De Nederlandse theoloog en doopsgezinde predikant Alfred van Wijk bleef na zijn emeritaat actief als kerkhistorisch onderzoeker. In ‘Muze en Mennisten’ onderzoekt hij de ‘Doperse presentie in de Nederlandstalige literatuur’. Hij wilde het imago van de wederdopers in de Nederlandstalige en in de in het Nederlands vertaalde literatuur grondig in kaart brengen.
De wederdopers of anabaptisten behoorden tot de radicale reformatie, wilden leven als de eerste christenen en predikten pacifisme, volledige gelijkheid en gemeenschap van goederen. Vanwege het radicale karakter werden zij zowel door de andere protestanten als door de katholieken streng vervolgd. De beweging kon in de Nederlanden overleven rond de Fries Menno Simons, vandaar ‘mennisten’, dat Van Dale evenwel schrijft als ‘menisten’.
Van Wijk vertrekt van de vaststelling dat gelet op het relatief geringe aantal doopsgezinden dat deel uitmaakte van de Nederlandse bevolking, hun gemeenschappelijke bijdrage aan de Nederlandse cultuur aanzienlijk was. Doopsgezinden werden meer dan eens in de kunsten geportretteerd en deden veel literair stof opwaaien. De vreedzame mennisten, die leefden onder de dominerende gereformeerden, gaven blijkbaar meer aanleiding tot literaire expressie dan de eveneens getolereerde katholieken of joden. Door dopers zo talrijk in hun werk een plaats te geven droegen auteurs bedoeld of onbedoeld bij aan een bepaalde beeldvorming van de mennisten. Dat imago wil Van Wijk nauwkeurig onderzoeken.

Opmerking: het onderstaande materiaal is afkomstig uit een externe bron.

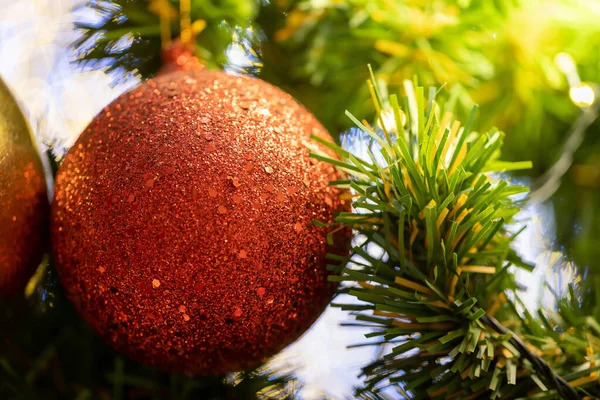 Dekore Edilmiş Bir Noel Ağacının Yakın Çekimi Noel Tatili Yeni — Stok fotoğraf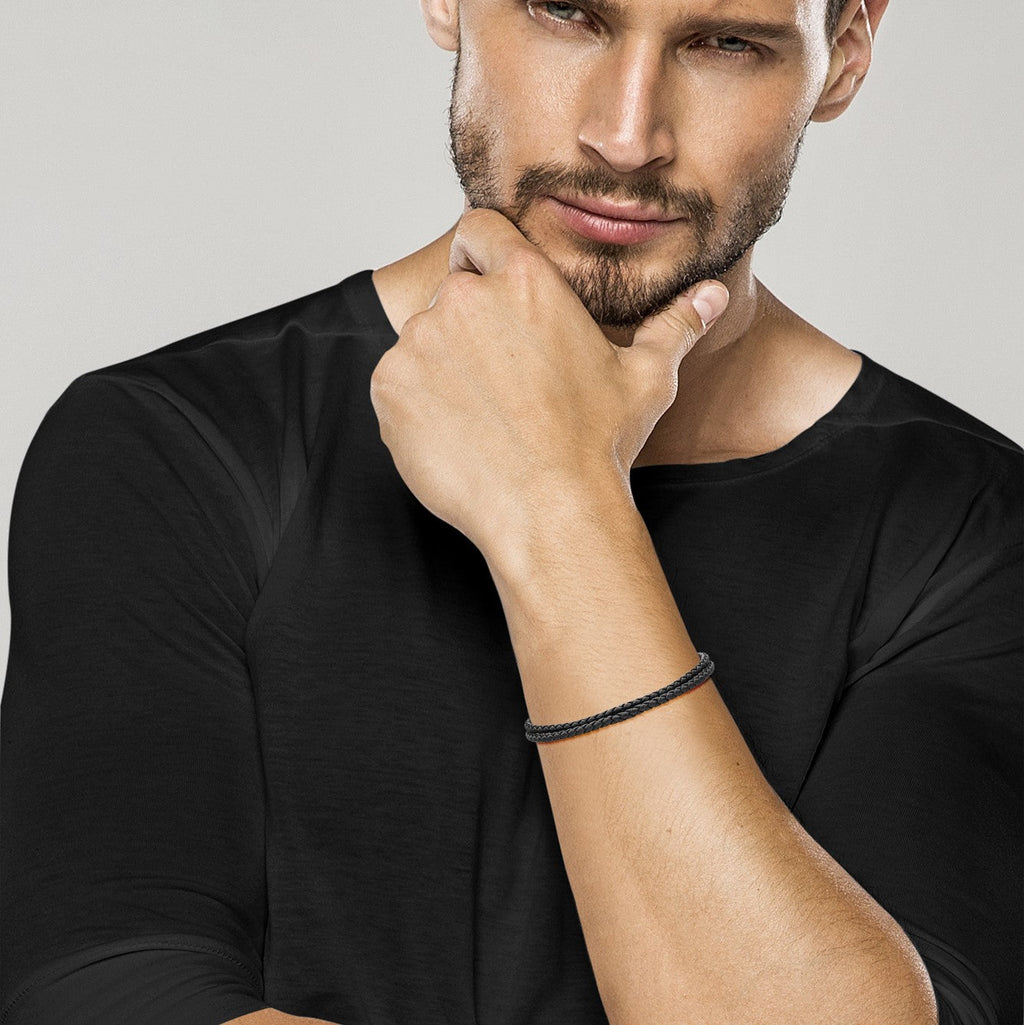 Genuine Italian Double Wrap Braided Black Leather with Stainless Steel Clasp, 3mm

De auteur betrekt in zijn studie zowel gecanoniseerde als nauwelijks bekende auteurs, evenals jeugdliteratuur, maar beperkt zich wel tot bellettrie. Het voorliggende boek is een verkorte representatieve selectie van een veel omvangrijker werk en bevat voet- noch eindnoten en evenmin een bibliografie en een register. Voor het volledige werk met literatuur en noten wordt verwezen naar een document op de website van de uitgeverij.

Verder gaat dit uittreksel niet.